Here we reported a novel splice site mutation in HPS1 gene in an Iranian family suffering from HPS1. The defined mutation has been shown to cause a deletion in the transcribed RNA and subsequent frameshift and truncated protein. Of note, the observed phenotypes were different in affected family members from a severe pulmonary involvement in a single patient which started in her twenties to a relatively normal pulmonary function in others with some of them being beyond such age. In addition, pigmentation degree was different between affected relatives. Such variable phenotypes could be partly attributed to the age of affected individuals but also gene-gene and gene-environment interactions and should be assessed in future studies. Other studies have also reported phenotypic variability in the HPS1 symptoms including colitis (8), pulmonary fibrosis (9) as well as pigmentation degree even between patients having similar mutation (9).

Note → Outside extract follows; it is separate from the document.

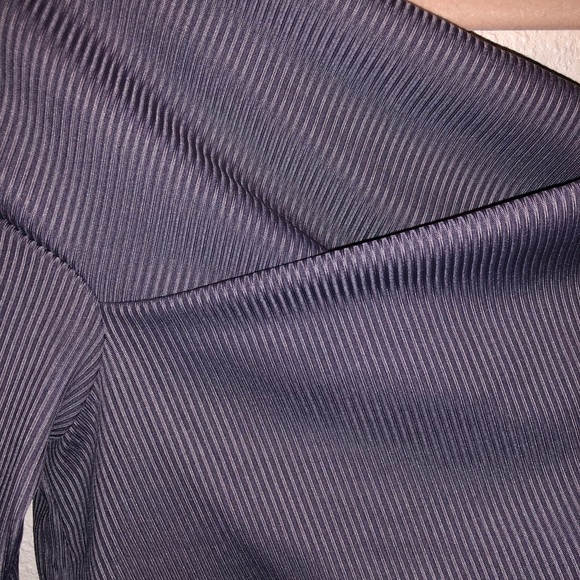 Off the shoulder - Picture 3 of 3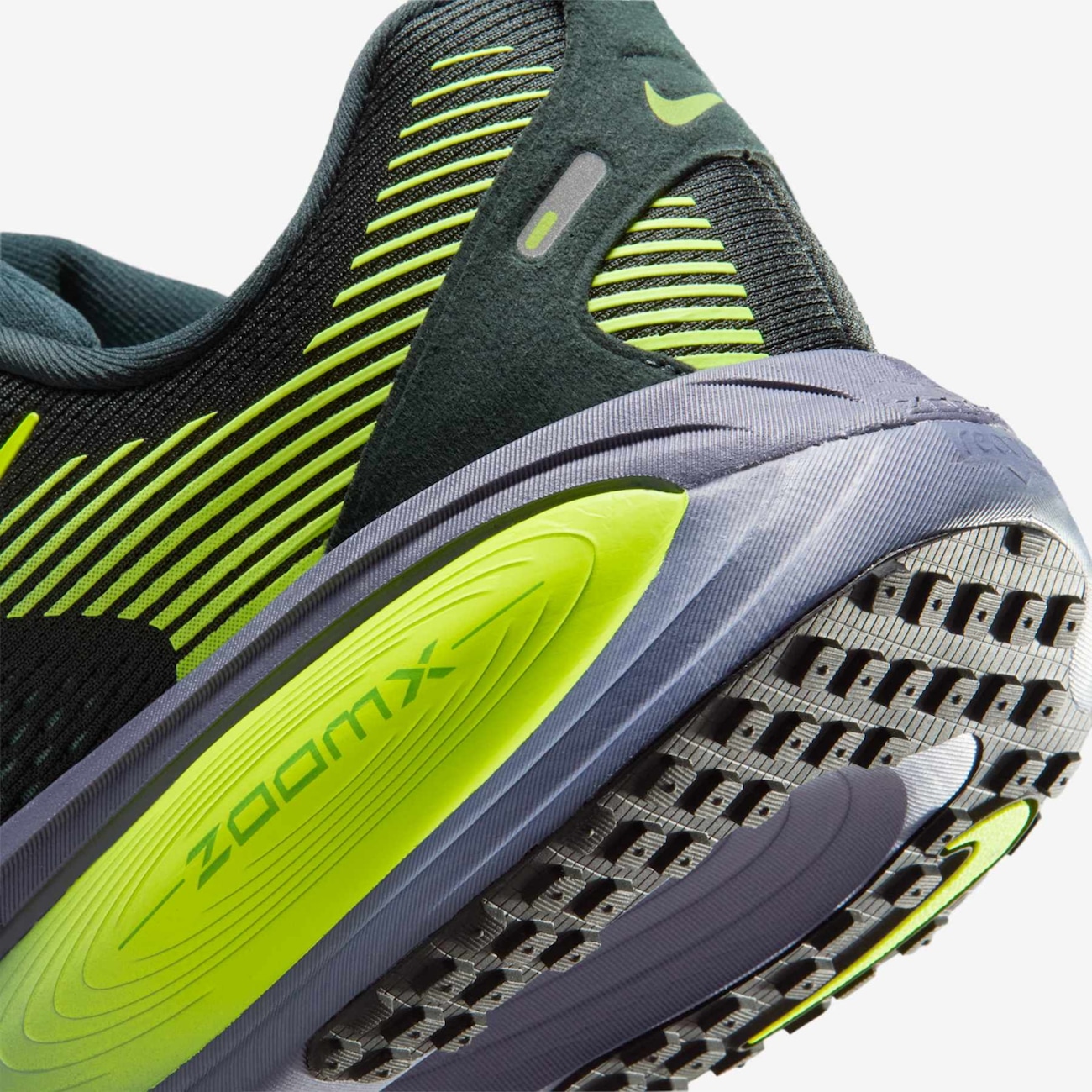 Tênis Nike Vomero 18 Masculino - Video 1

The first homozygous frameshifts in HPS1 have been found in Puerto Rican, Swiss, Irish, and Japanese HPS patients in 1996. The different clinical phenotypes associated with different HPS1 frameshifts implied that differentially truncated HPS1 polypeptides may have fairly different significances in subcellular function (10). Previous reports demonstrated a frameshift at codon 322 to be the most common HPS1 mutation in Europeans and suggested the presence of a founder effect in Puerto Rican patients. Although other mutations have been reported, a frameshift hotspot has been detected at codons 321-322 (1). However, the detected mutation in the present study is localized in a different location from those reported previously which is in accordance with proceeding reports implying that mutation load for the disease-causing genes may be specific to the Iranian population and cannot be inferred from other populations (11). Although we have demonstrated the consequence of detected mutation at transcript level and predicted its effect at protein level, further researches are needed to explore its importance in subcellular localization of the truncated protein.